Earlier this week, UK chancellor of the exchequer, Philip Hammond, outlined plans to hit tech giants such as Google, Facebook, Amazon and Apple with a DST from 2020. The 2pc tax, revealed in the latest UK budget, will target revenues earned in the UK by online players ranging from search engines to social networks. The tax will only apply to companies that generate more than £500m a year in global revenues.
Simultaneous to this, EU leaders are due to make a decision about an EU-wide version of the DST, which will apply a 3pc levy against digital players earning more than €750m a year and could take €5bn a year out of the coffers of the embarrassingly rich tech giants.

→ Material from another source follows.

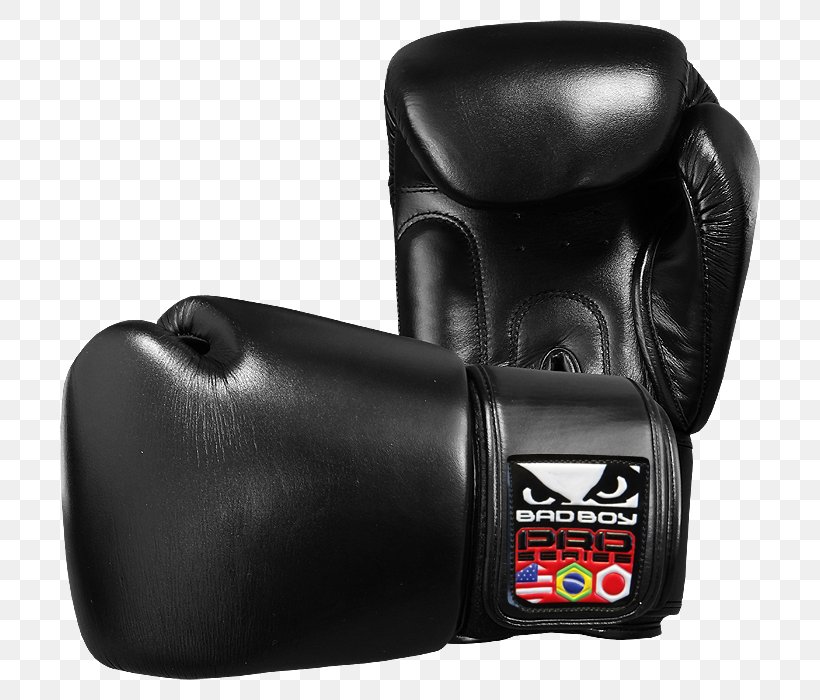 Bad Boy Bad Boy Legacy Boxing Gloves 2.0 Black Leather Kickboxing Gloves Bad Boy Bad Boy Legacy Boxing Gloves 2.0 Black Leather Kickboxing Gloves, PNG, 700x700px, Boxing Glove, Bad Boy, Boxing, Boxing Equipment, Car Seat Cover Download Free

However, none of the bright sparks behind the DST or the EU’s version of it have factored in US displeasure of a tax on its companies overseas. This is a particularly large oversight considering how pugnacious the US has been in its trade wars against China of late.
“If the United Kingdom or other countries proceed, that will prompt a review of our US tax and regulatory approach to determine what actions are appropriate to ensure a level playing field in global markets,” said Republican representative Kevin Brady.
Brady, who helped shepherd in US tax cuts through Congress last year, described the UK’s decision as “troubling”. US treasury secretary Steven Mnuchin also voiced “strong concern” about different countries’ efforts to develop a DST.
According to the BBC, a slew of business groups, including the US Chamber of Commerce and the US Council for International Business, have also come out against the UK plan.
In Europe, the drive to create a digital tax is being largely led by France, Germany and the UK, for a tougher approach to alleged tax avoidance by tech giants such as Facebook, Google, Apple and Spotify.
Ireland, the Czech Republic, Sweden and Finland are joined at the hip in their efforts to thwart the EU digital tax proposal. Tech giants have also warned that the proposed DST – which the Austrian EU presidency could approve by December – could see them taxed double for the same revenue. Ireland stands to lose up to €160m a year in lost tax revenue if the EU presses ahead with the new digital tax plans.
Next week’s Ecofin Council in Brussels will have a crucial bearing on whether this tax proposal lives or dies. Spain has already revealed plans to apply a 3pc tax on digital companies with a worldwide turnover of €750m or more, or taxable turnover in Spain of €3m or more. But will the rest of Europe follow suit?
According to RTÉ, there are mixed reports suggesting the technical work behind a proposal for an EU-wide digital tax is not going very well and that the European Commission proposal is built on the wrong legal base.
It is understood that 19 out of 28 EU states are supportive of a measure for a digital tax.